■ **SUPPLIED RECORDS**
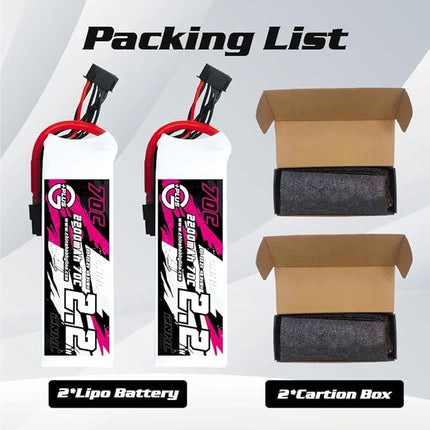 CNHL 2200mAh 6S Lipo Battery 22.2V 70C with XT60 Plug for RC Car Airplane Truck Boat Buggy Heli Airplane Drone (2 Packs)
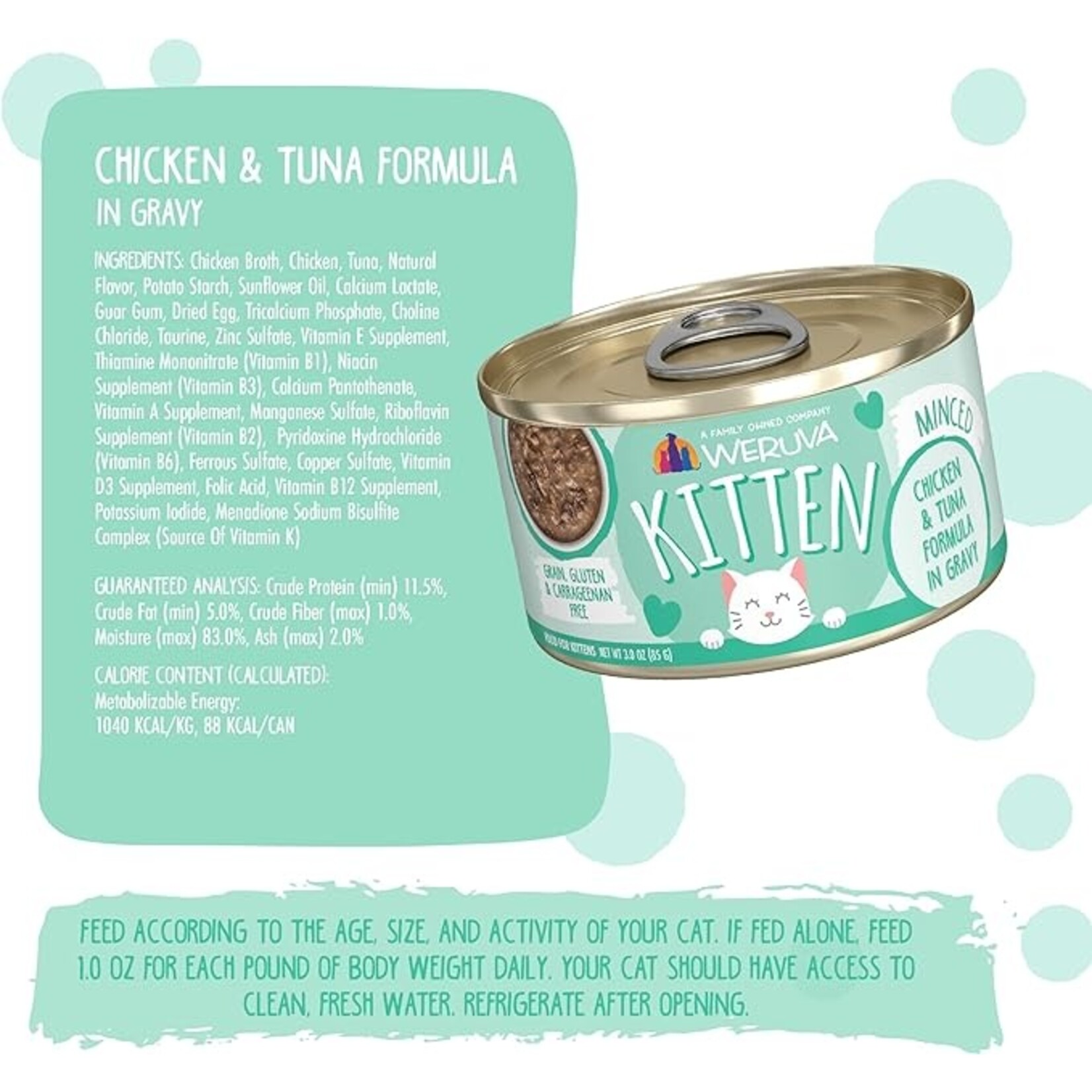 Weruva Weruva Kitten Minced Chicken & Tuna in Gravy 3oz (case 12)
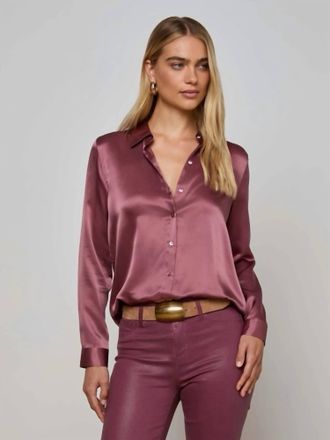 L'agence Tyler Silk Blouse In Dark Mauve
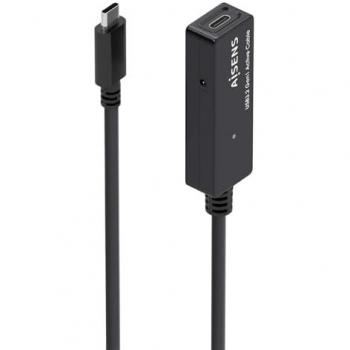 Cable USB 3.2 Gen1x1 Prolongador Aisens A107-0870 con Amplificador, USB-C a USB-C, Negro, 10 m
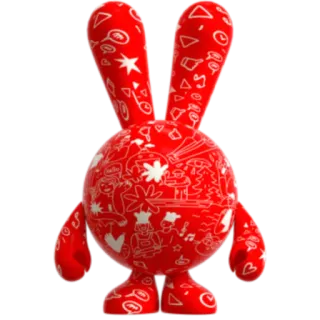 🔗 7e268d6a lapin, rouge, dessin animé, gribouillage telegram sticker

■ **INSTRUCTIONS FOR THE TASK**
Output nothing but the records, word for word, and none of their pictures.

■ **ANSWER BOX**
 CNHL 2200mAh 6S Lipo Battery 22.2V 70C with XT60 Plug for RC Car Airplane Truck Boat Buggy Heli Airplane Drone (2 Packs)
 Weruva Weruva Kitten Minced Chicken & Tuna in Gravy 3oz (case 12)
 L'agence Tyler Silk Blouse In Dark Mauve
 Cable USB 3.2 Gen1x1 Prolongador Aisens A107-0870 con Amplificador, USB-C a USB-C, Negro, 10 m
 🔗 7e268d6a lapin, rouge, dessin animé, gribouillage telegram sticker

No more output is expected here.